Recorro estas calles que deberían estar desiertas como el resto de la ciudad. Pero claro aquí no hay computadoras, ni play, ni comida en la heladera, ni alcohol en gel. Aquí hay solo pobreza y desasosiego.
Miro sus rostros y muchos, podría decir todos, no han llevado, ni llevan una vida feliz. Las necesidades, las torturas, las tristezas de su infancia, fueron dejando marcas en sus rostros. Expresiones de injusticia que no se borran con el tiempo.
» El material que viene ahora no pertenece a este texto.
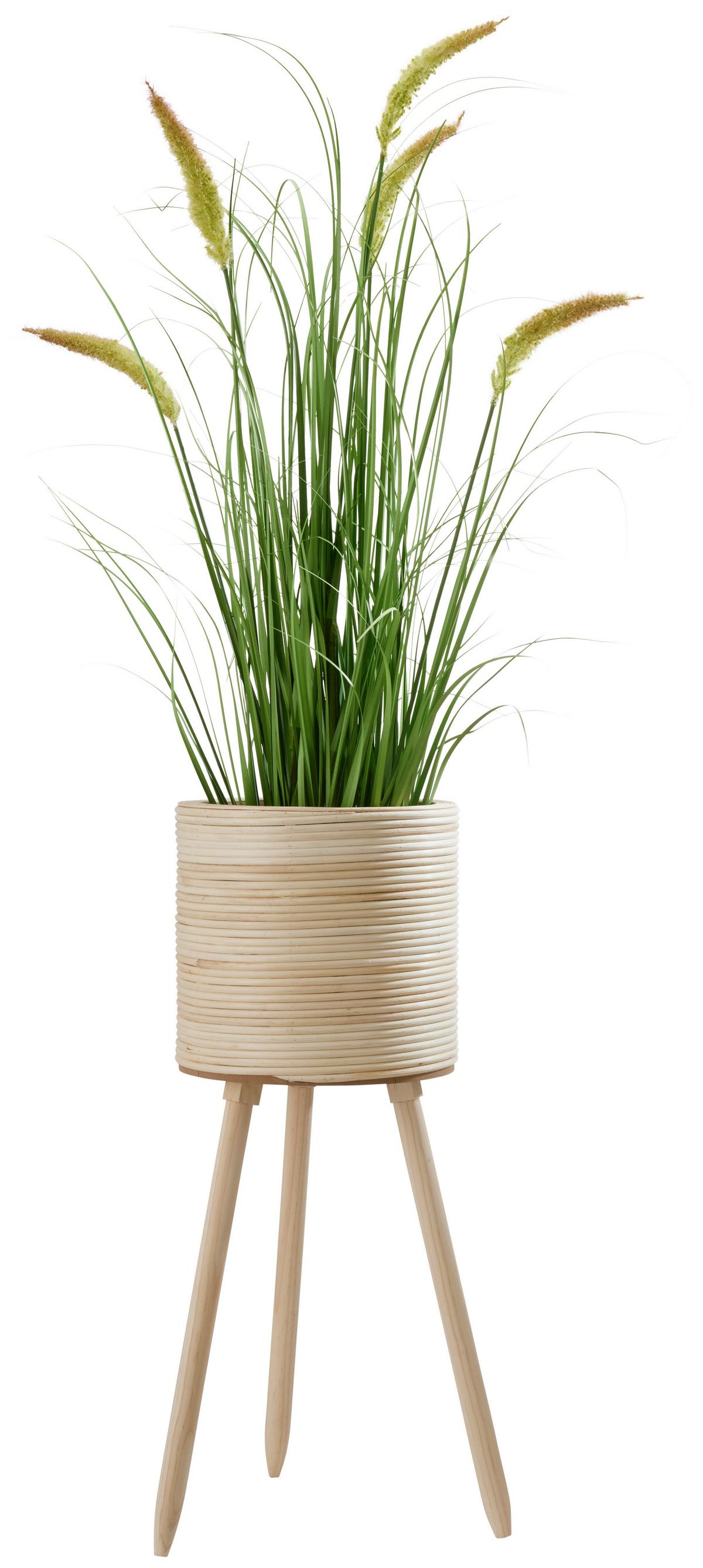 Kaspó Bamboo - natúr színű, fa (26/65,5cm) - Premium Living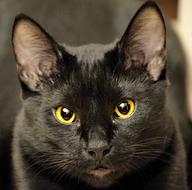 Black Cat Closeup Feline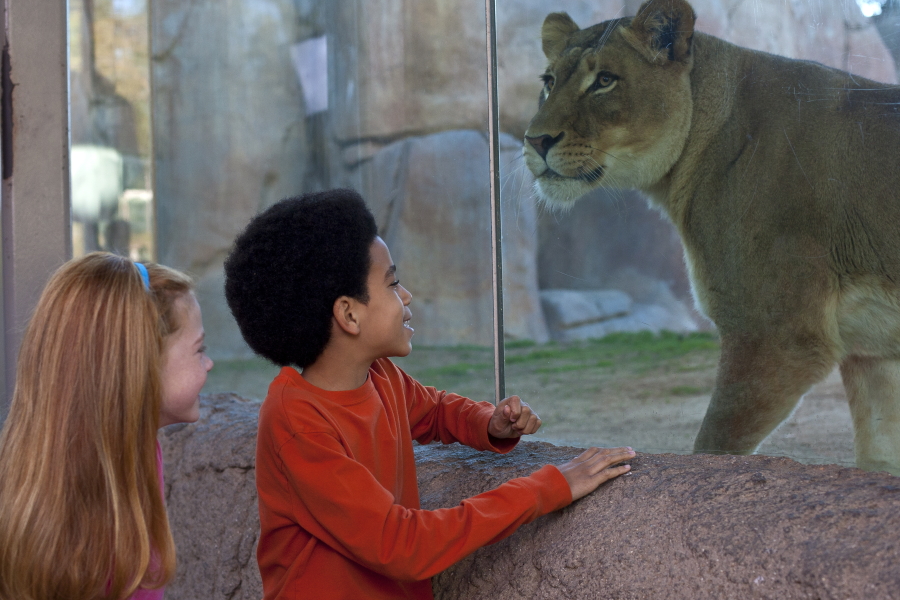 Up close with a cougar at the San Diego Zoo Safari Park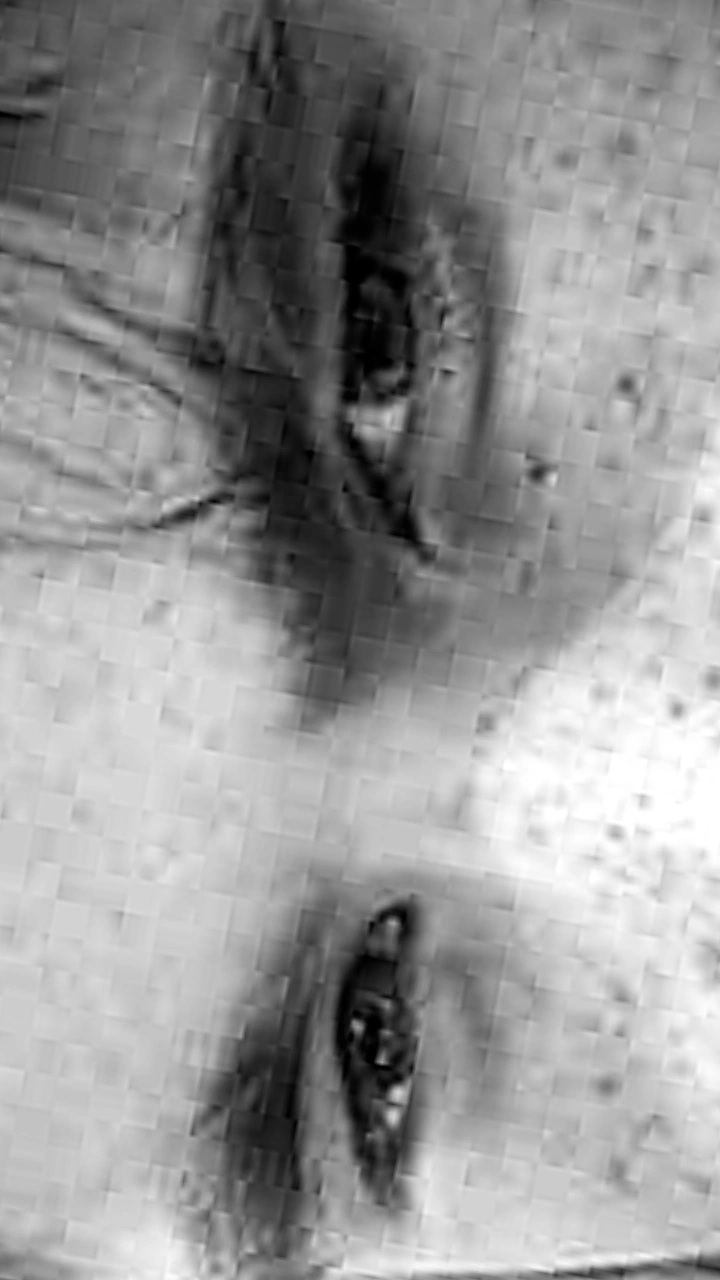 IMG 20251206 132000 592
Venden lo que pueden o consiguen, cuentan sus monedas para definir que van a cenar y si alcanza.
Luchan contra la falta de agua, la ignorancia de su existencia, y el sello de “villero “puesto en su frente.
Que podemos decirles de protocolos de aislamiento, si su familia, no son solo esas siete personas que viven junto a ellos, su familia es la villa. Su casa un montón de metros cuadrados que comparten entre la soledad y desasosiego.
Esos hombres y mujeres están hechos de sacrificios, de piedras en el camino, de aprovechamientos del poderoso, de bajar la cabeza o levantarla con orgullo enfrentando la desidia.
La cuarentena en la villa es distinta al resto de la ciudad. Los abuelos y los niños conviven, salen a las calles. Y mueren irremediablemente por que el resto de la sociedad no quiere mirar hacia ese lugar, el resto de la sociedad los quita de su mente y su corazón para no ver una triste realidad de nuestro mundo.